* Aim of the task: All entries below must be retyped exactly, though pictures are to be skipped.

* Given data:
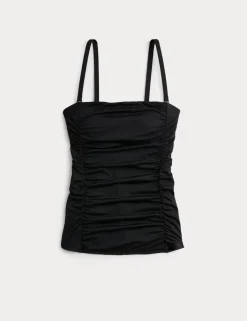 Square Neck Tummy Control Ruched Tankini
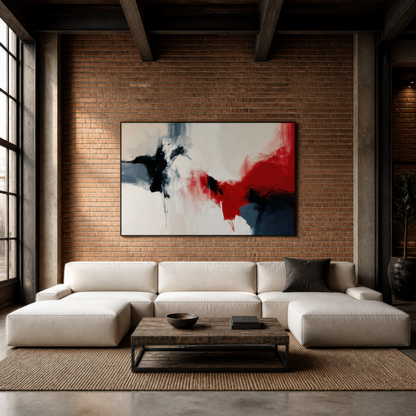 Large red and navy abstract artwork above a white sectional sofa against a brick wall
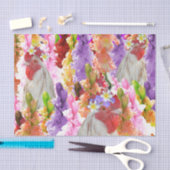 Rooster Hollyhocks und Frangipanis, Seidenpapier (Handwerk)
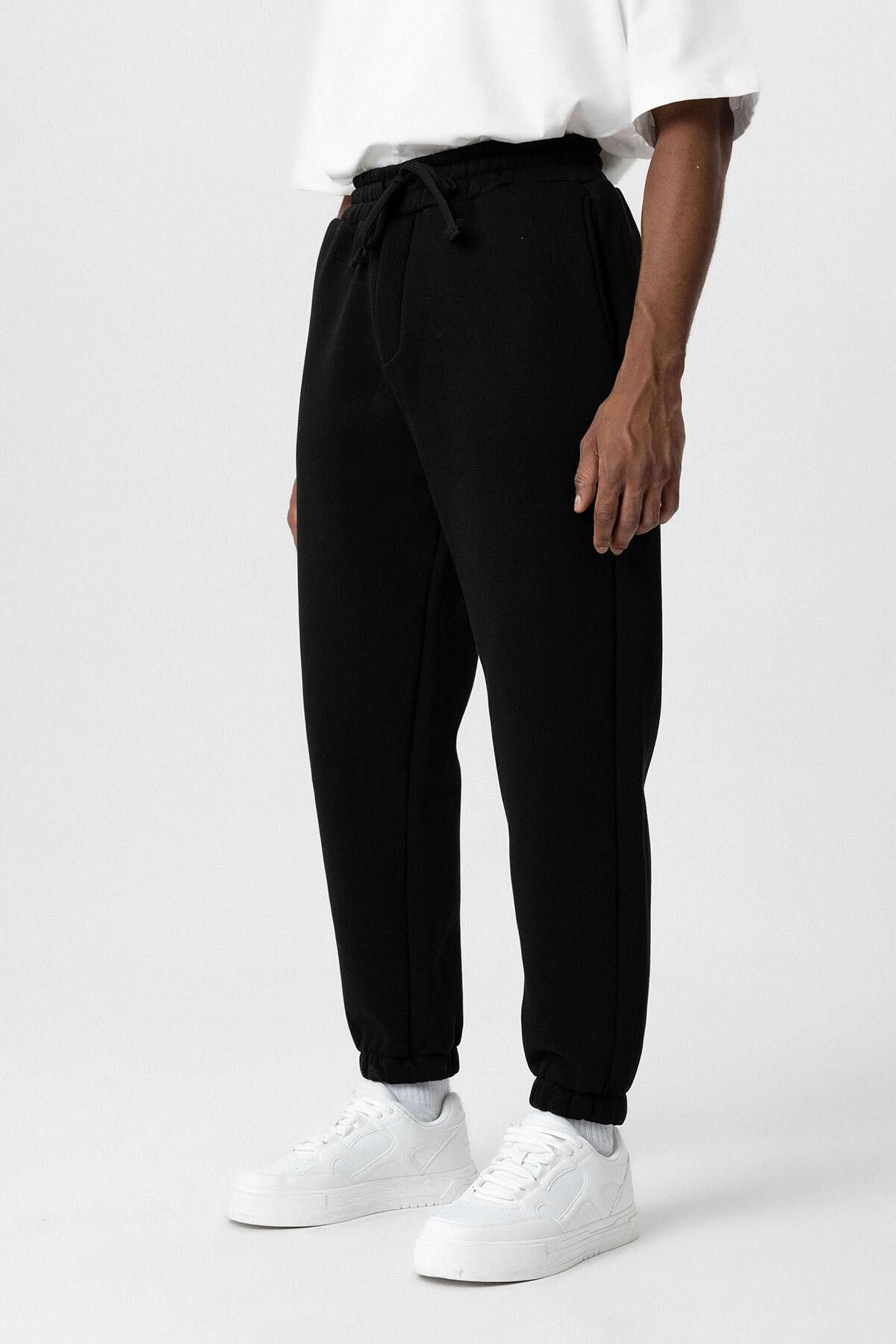 VAMOSCLO-Pantaloni de sport oversize Jogger de bază negri 3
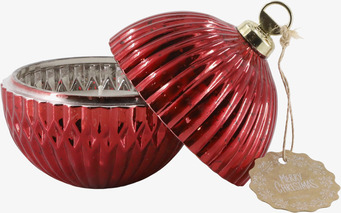 Bild av röd julinspirerad ljuslykta med lock och etikett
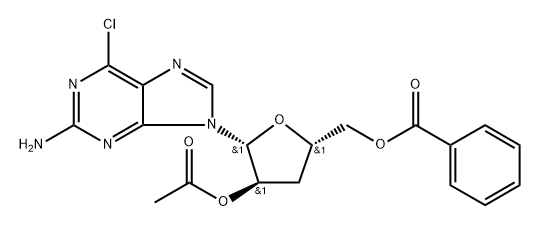 2-Amino-6-chloro-9-(3-deoxy-2-O-acetyl-5-O-benzoyl-beta-D-ribofuanosyl)-9H-purine Struktur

* Reply to the exercise:
 Square Neck Tummy Control Ruched Tankini
 Large red and navy abstract artwork above a white sectional sofa against a brick wall
 Rooster Hollyhocks und Frangipanis, Seidenpapier (Handwerk)
 VAMOSCLO-Pantaloni de sport oversize Jogger de bază negri 3
 Bild av röd julinspirerad ljuslykta med lock och etikett
 2-Amino-6-chloro-9-(3-deoxy-2-O-acetyl-5-O-benzoyl-beta-D-ribofuanosyl)-9H-purine Struktur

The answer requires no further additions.